3d. Compound selection procedures

Back to index of Tutorials.

Identification of outliers

1.   Start a new Cerius2 session

If you have just finished the previous section, start a new session by selecting the File/New Session item from the Visualizer menu bar. Click Confirm in the Re-initialize All message window. You may also start a brand new Cerius2 session.

2.   Open an empty study table

Go to the LIBRARY ANALYSIS card in the COMBI-CHEM I deck and select the Show Study Table item.

3.   Recall the benzodiazepine library

Open the Open Study Table control panel by selecting the File/Open... item on the menu bar in the Study Table control panel. Select the table benzo.tbl and click the OPEN pushbutton. Alternatively, if you did not complete the earlier part of the tutorial, select the table ./Cerius2-Resources/COMBICHEM/demos/benzo_720.tbl and click the OPEN pushbutton.

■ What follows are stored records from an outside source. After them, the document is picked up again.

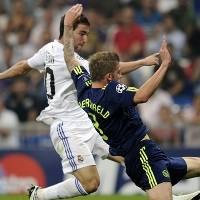 Seperti Bocah Melawan Pria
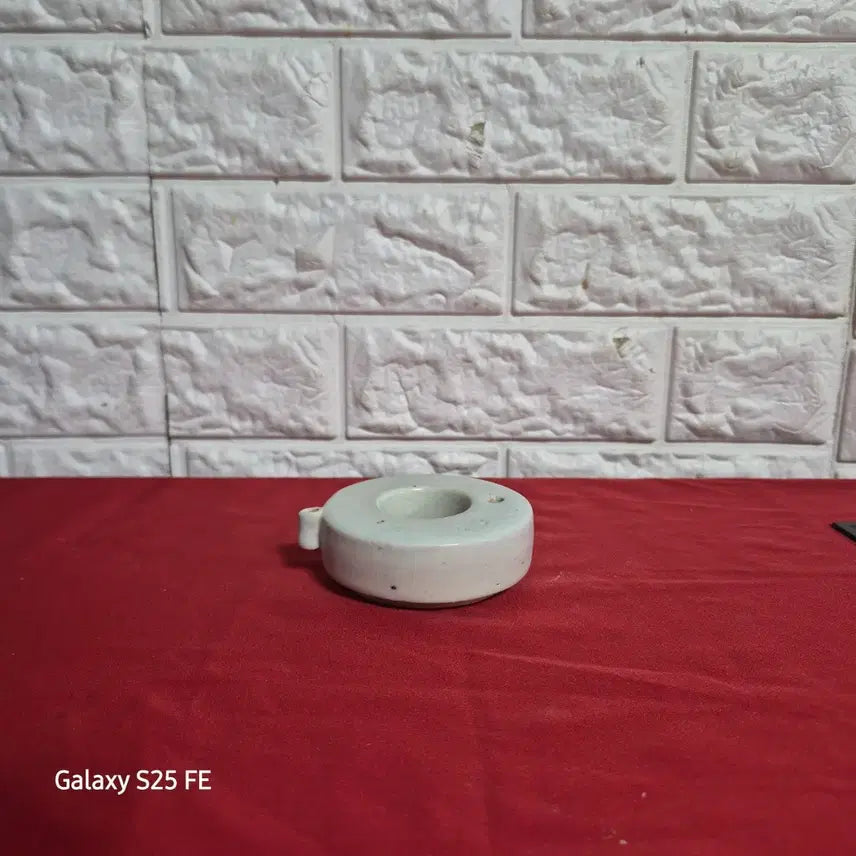[BUNJANG] White Porcelain Lotus Vase / 백자 각 또아리연적
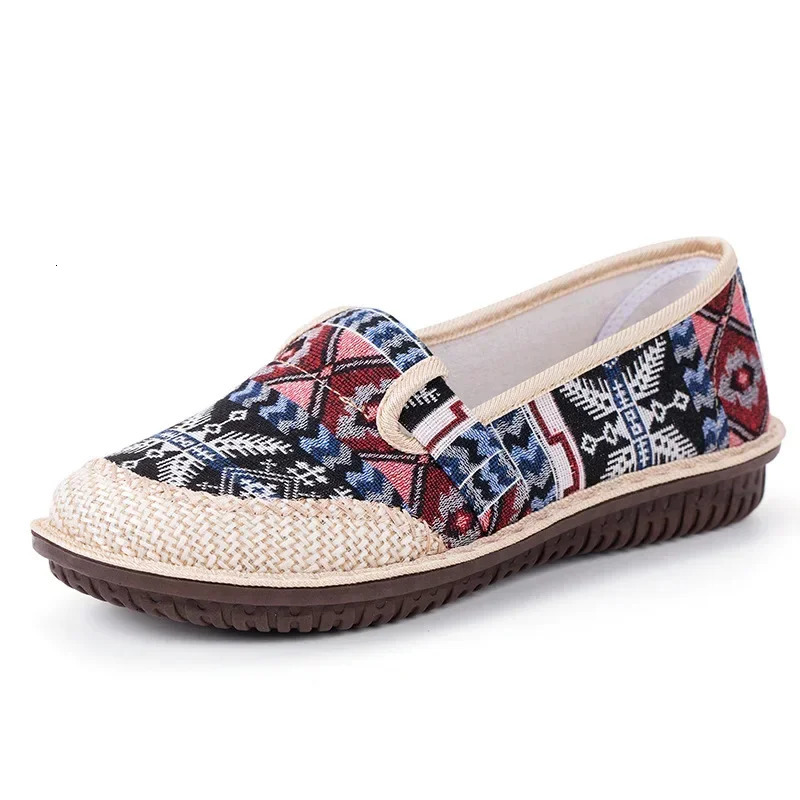 High quality womens shoes ethnic style womens embroidered shoes womens fashionable breathable flat casual shoes 2024 241111
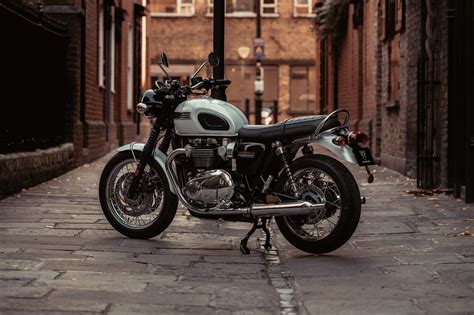 2019 Triumph Bonneville T120 Diamond Edition Guide • Total Motorcycle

4.   Perform a PCA analysis

Run a simple PCA analysis as explained in the previous example, Using principal component analysis. Remember to set Label Row by to Star in the 3D Plot Samples control panel before starting the analysis.

If you forgot to set the plot options, you can re-plot the compounds using the same 3D Plot tool.

5.   Identify outliers in PCA space

Now that the principal components are identified as independent variables, they will be used in the outlier identification experiment in place of the original descriptors.

Go to the LIBRARY ANALYSIS card and select the Property Space Outliers item to open the Property Space Outliers control panel.

Outliers are identified as those molecular models whose distance to the centroid defined by the full set of models is greater than the average distance to the centroid plus a user-defined number of times the standard deviation. This parameter is specified in the Maximum Deviation entry box in the Property Space Outliers control panel.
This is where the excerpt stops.